My husband of 6 years (together about 8yrs prior) seems to be suffering from stress, anger and anxiety at the moment. It’s been on and off like this for years but currently I am struggling to deal with it.
We have a daughter aged 19 months and another on the way and I’m really worried that I’m going to end up bringing two children up alone.
Our marriage is in a state, he’s always rude to me, swearing at me, has such a short fuse and loses at me all the time. Rather than talk heoighbour issues or let me speak he always says he can’t deal with it, when I try to explain my side he tells me to shut up and then to F* off all the time. He can’t take any criticism and uses the terms that I’m “gobbling off” or having a “hissy fit” when I try to explain, I find his very sexist. In the car the other day he was rude to me and told me to get out of the car and walk or shut up because he was trying to drive. This was all over the fact that he thought our daughter needed to go to docs for nappy rash. All I said is that my mum was coming over in the morning and I’d take her in the afternoon. He gave me a foul look and said that obviously my mum coming over was more important than our diapers welfare. This was simply not the case and deeply upset me. I tried to explain but he wouldn’t listen and told me to shut up. I cried when we got home and he did not seem to care, he still has not apologised.

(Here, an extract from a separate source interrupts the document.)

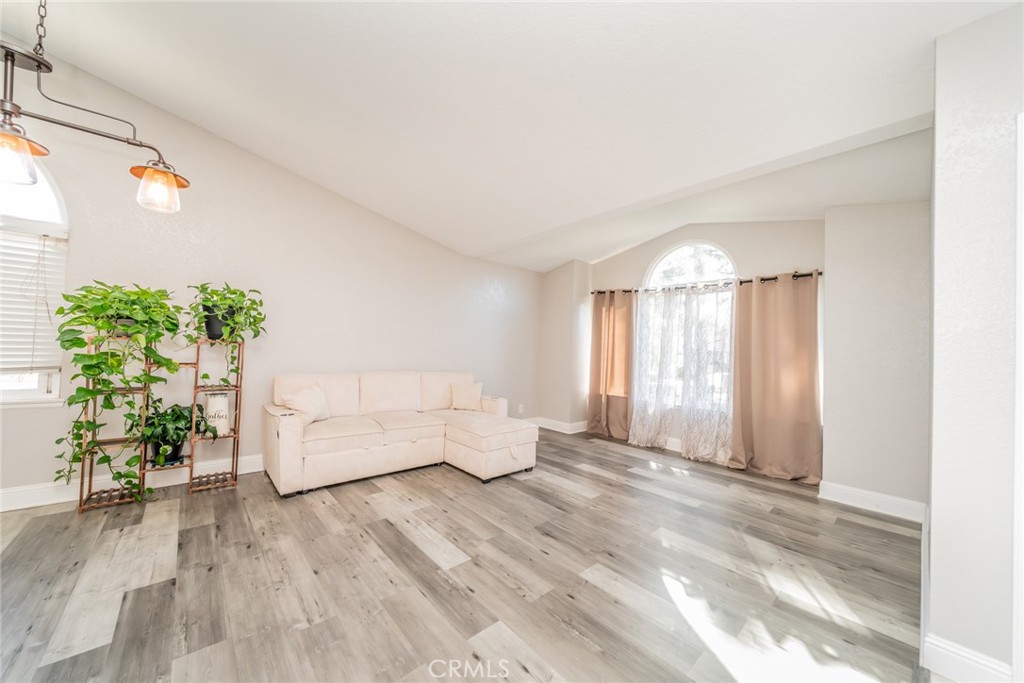 6744 Mission Grove Riverside, CA 92506 - Photo 7 of 53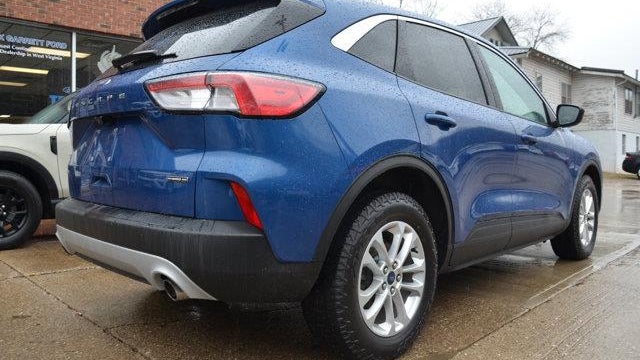 2022 Ford Escape Hybrid SE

Things have go far worse since then and hurtful things have been said from both sides. He’s made me cry nearly every other day for the last two because of his foul looks at me and disgusting language. He always tries to tell me what to do and how to be round our daughter and makes me feel like I’m not a good mother.
His anger is awful and he snaps all of the time. I’ve tried so hard to be understanding and have tried to help him de-stress but he takes it all out on me. I’m at the end of my tether and I feel we should be excited about this new baby instead I cry all of the time and we fight constantly. He always says not to argue in front of our daughter, which I agree with but even when I’m not arguing and just bring something even slightly contentious he can’t handle it and shouts. He’s called me childish and names in front of our daughter and tells me to shut up.

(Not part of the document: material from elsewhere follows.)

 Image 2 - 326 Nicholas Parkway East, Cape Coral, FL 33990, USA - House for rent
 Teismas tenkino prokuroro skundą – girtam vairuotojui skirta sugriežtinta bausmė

I’ve told him he must go to CBT or we do marriage counselling to sort his anger and stress out but in the meantime I feel like rubbish. We are sleeping in seperate rooms and barely speak. He has a manual job and works hard which he hates and when he gets home I worry what mood he’ll be in. I could be in such a good mood but he always seems to spoil it. It’s not good for my welfare not my daughters. Anyone else been in a similar situation?